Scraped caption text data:
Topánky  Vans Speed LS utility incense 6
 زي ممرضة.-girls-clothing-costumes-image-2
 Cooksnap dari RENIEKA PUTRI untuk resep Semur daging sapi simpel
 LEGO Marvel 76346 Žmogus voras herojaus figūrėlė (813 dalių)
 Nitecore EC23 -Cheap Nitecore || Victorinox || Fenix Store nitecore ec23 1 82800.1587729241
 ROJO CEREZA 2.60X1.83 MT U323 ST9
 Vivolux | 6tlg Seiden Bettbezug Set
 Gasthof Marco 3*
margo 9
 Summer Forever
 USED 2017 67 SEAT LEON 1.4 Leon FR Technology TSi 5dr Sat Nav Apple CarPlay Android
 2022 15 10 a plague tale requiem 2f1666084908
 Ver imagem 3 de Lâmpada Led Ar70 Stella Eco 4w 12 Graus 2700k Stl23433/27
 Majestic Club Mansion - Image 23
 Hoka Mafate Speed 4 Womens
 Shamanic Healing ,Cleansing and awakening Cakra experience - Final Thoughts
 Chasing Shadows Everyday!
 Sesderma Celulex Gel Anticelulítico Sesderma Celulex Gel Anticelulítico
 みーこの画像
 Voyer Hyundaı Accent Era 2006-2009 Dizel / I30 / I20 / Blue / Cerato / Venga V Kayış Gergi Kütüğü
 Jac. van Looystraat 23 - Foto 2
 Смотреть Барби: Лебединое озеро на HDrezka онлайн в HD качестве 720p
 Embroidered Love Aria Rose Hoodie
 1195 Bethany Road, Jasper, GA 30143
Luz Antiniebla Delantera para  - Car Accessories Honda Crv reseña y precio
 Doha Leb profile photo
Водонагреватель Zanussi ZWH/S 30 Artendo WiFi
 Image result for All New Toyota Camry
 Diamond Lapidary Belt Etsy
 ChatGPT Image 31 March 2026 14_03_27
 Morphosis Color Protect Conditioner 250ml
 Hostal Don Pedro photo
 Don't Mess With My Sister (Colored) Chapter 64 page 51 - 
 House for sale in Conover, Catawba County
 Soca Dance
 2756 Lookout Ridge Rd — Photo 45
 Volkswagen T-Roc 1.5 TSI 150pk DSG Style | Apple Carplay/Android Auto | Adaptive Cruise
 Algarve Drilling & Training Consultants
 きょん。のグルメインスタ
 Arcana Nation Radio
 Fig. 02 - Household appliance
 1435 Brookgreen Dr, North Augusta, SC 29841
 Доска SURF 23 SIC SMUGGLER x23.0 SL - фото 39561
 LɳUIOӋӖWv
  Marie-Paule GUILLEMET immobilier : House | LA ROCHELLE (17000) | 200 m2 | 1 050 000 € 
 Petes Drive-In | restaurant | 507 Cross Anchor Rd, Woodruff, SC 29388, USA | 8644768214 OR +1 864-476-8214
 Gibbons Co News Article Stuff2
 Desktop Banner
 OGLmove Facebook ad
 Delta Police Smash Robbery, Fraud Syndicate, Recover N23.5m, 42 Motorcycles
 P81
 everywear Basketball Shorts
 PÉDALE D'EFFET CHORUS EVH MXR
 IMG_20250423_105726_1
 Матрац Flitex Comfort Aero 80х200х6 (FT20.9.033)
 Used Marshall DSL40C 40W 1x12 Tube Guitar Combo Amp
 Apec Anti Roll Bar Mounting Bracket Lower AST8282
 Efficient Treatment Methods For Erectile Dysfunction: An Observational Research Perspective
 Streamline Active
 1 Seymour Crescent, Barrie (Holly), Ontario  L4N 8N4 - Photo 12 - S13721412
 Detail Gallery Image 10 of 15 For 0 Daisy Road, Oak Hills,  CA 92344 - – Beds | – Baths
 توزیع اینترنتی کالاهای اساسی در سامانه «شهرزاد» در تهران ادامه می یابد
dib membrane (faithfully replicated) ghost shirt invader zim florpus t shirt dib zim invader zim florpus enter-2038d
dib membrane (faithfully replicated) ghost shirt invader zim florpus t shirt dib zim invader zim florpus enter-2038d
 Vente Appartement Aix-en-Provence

== Work request ==
When the word "Android" shows up in a line of the entries, report that line.

== Solution to this task ==
 USED 2017 67 SEAT LEON 1.4 Leon FR Technology TSi 5dr Sat Nav Apple CarPlay Android
 Volkswagen T-Roc 1.5 TSI 150pk DSG Style | Apple Carplay/Android Auto | Adaptive Cruise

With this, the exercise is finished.